Official repository for "Intriguing Properties of Vision Transformers" (2021)

Last update: Dec 27, 2022

Overview

Intriguing Properties of Vision Transformers

Muzammal Naseer, Kanchana Ranasinghe, Salman Khan, Munawar Hayat, Fahad Shahbaz Khan, & Ming-Hsuan Yang

Abstract: Vision transformers (ViT) have demonstrated impressive performance across various machine vision tasks. These models are based on multi-head self-attention mechanisms that can flexibly attend to a sequence of image patches to encode contextual cues. An important question is how such flexibility (in attending image-wide context conditioned on a given patch) can facilitate handling nuisances in natural images e.g., severe occlusions, domain shifts, spatial permutations, adversarial and natural perturbations. We systematically study this question via an extensive set of experiments encompassing three ViT families and provide comparisons with a high-performing convolutional neural network (CNN). We show and analyze the following intriguing properties of ViT: (a) Transformers are highly robust to severe occlusions, perturbations and domain shifts, e.g., retain as high as 60% top-1 accuracy on ImageNet even after randomly occluding 80% of the image content. (b) The robust performance to occlusions is not due to a bias towards local textures, and ViTs are significantly less biased towards textures compared to CNNs. When properly trained to encode shape-based features, ViTs demonstrate shape recognition capability comparable to that of human visual system, previously unmatched in the literature. (c) Using ViTs to encode shape representation leads to an interesting consequence of accurate semantic segmentation without pixel-level supervision. (d) Off-the-shelf features from a single ViT model can be combined to create a feature ensemble, leading to high accuracy rates across a range of classification datasets in both traditional and few-shot learning paradigms. We show effective features of ViTs are due to flexible and dynamic receptive fields possible via self-attention mechanisms. Our code will be publicly released.

Citation

@misc{naseer2021intriguing,
      title={Intriguing Properties of Vision Transformers}, 
      author={Muzammal Naseer and Kanchana Ranasinghe and Salman Khan and Munawar Hayat and Fahad Shahbaz Khan and Ming-Hsuan Yang},
      year={2021},
      eprint={2105.10497},
      archivePrefix={arXiv},
      primaryClass={cs.CV}
}

We are in the process of cleaning our code. We will update this repo shortly. Here are the highlights of what to expect :)
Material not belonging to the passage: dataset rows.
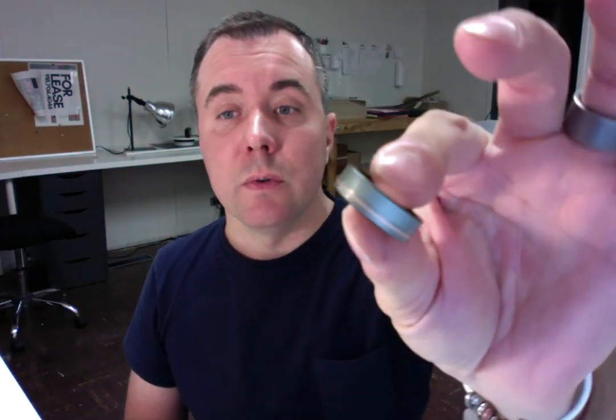I have finished making your ring — it is the black zirconium bicolor with the silver exterior, black interior, offset rose gold striped ring — and I'm getting ready to ship this out your way.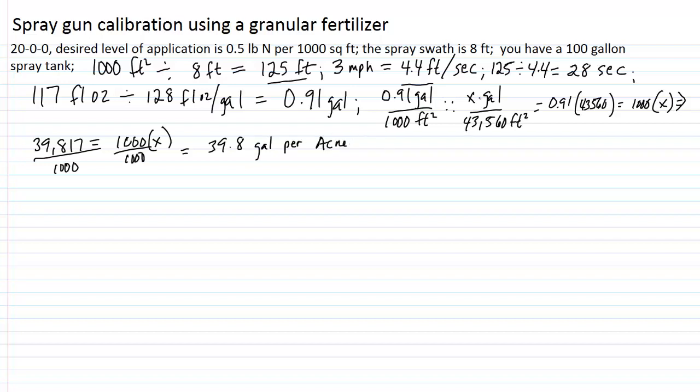That's what we were solving for — x gallons per 43,560 square feet. So roughly about 40 gallons per acre is what we're calibrated to deliver. I'm going to round to 40 gallons per acre to keep the math simple. With a 100-gallon tank calibrated to deliver 40 gallons per acre, 100 divided by 40 equals 2.5 acres. So a full spray tank, keeping pressure constant and speed at 3 miles per hour, can cover 2.5 acres. Now, how much fertilizer will we have to add to that tank to apply a half pound of nitrogen per 1,000 square feet?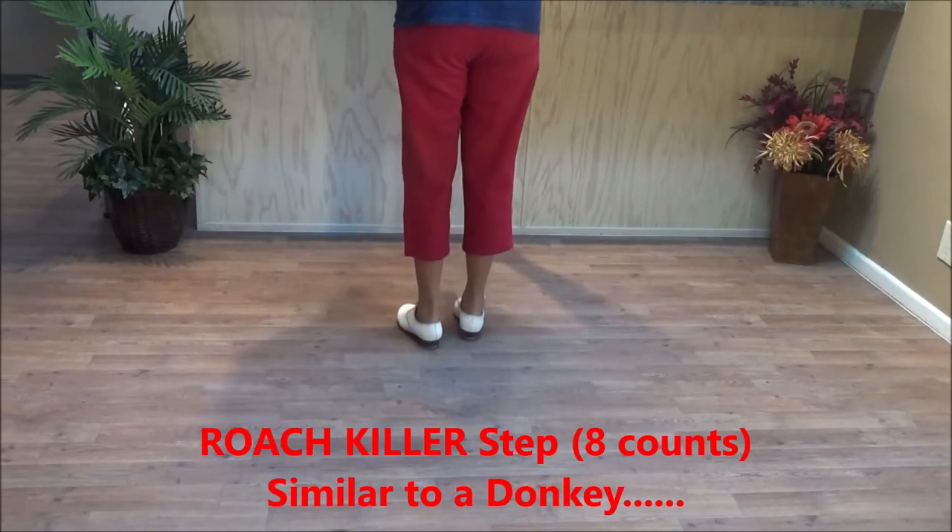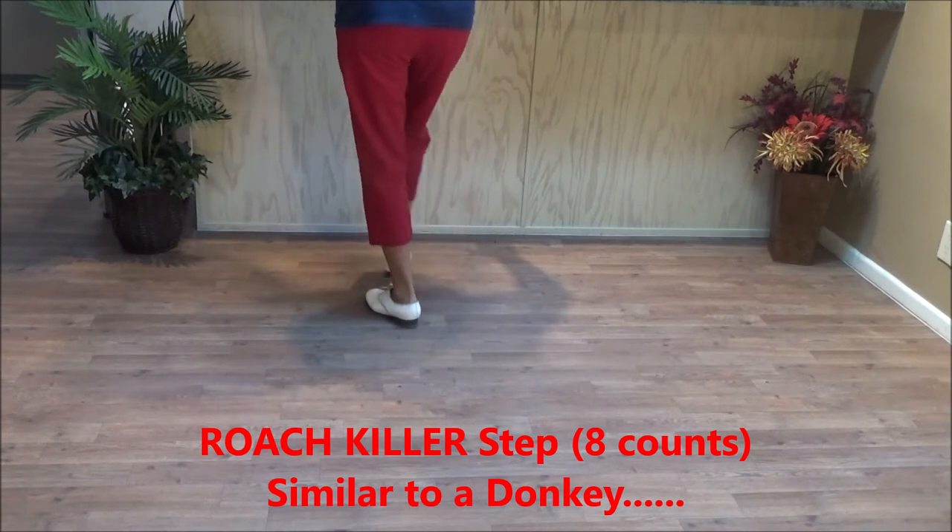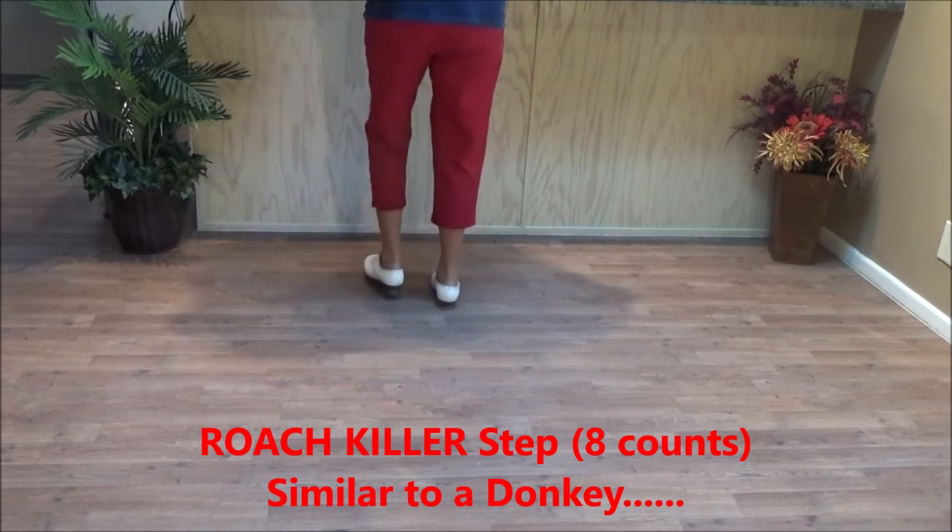This is the roach killer step. It's kind of like a donkey. Double step, stamp, up, stamp, up, stamp, up, stamp, stomp, and a double.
~~Pretrained ViT models trained on Stylized ImageNet (along with distilled ones). We will provide code to use these models for auto-segmentation~~.
~~Training and Evaluations for our proposed off-the-shelf ensemble features.~~
~~Code to evaluate any model on our proposed occulusion stratagies (random, foreground and background).~~
~~Code for evaluation of permutation invaraince.~~
~~Pretrained models to study the effect of varying patch sizes and positional encoding.~~
Pretrained adversarial patches and code to evalute them.
Training on Stylized Imagenet.

Requirements

pip install -r requirements.txt

Shape Biased Models

Our shape biased pretrained models can be downloaded from here. Code for evaluating their shape bias using auto segmentation on the PASCAL VOC dataset can be found under scripts. Please fix any paths as necessary. You may place the VOC devkit folder under data/voc of fix the paths appropriately.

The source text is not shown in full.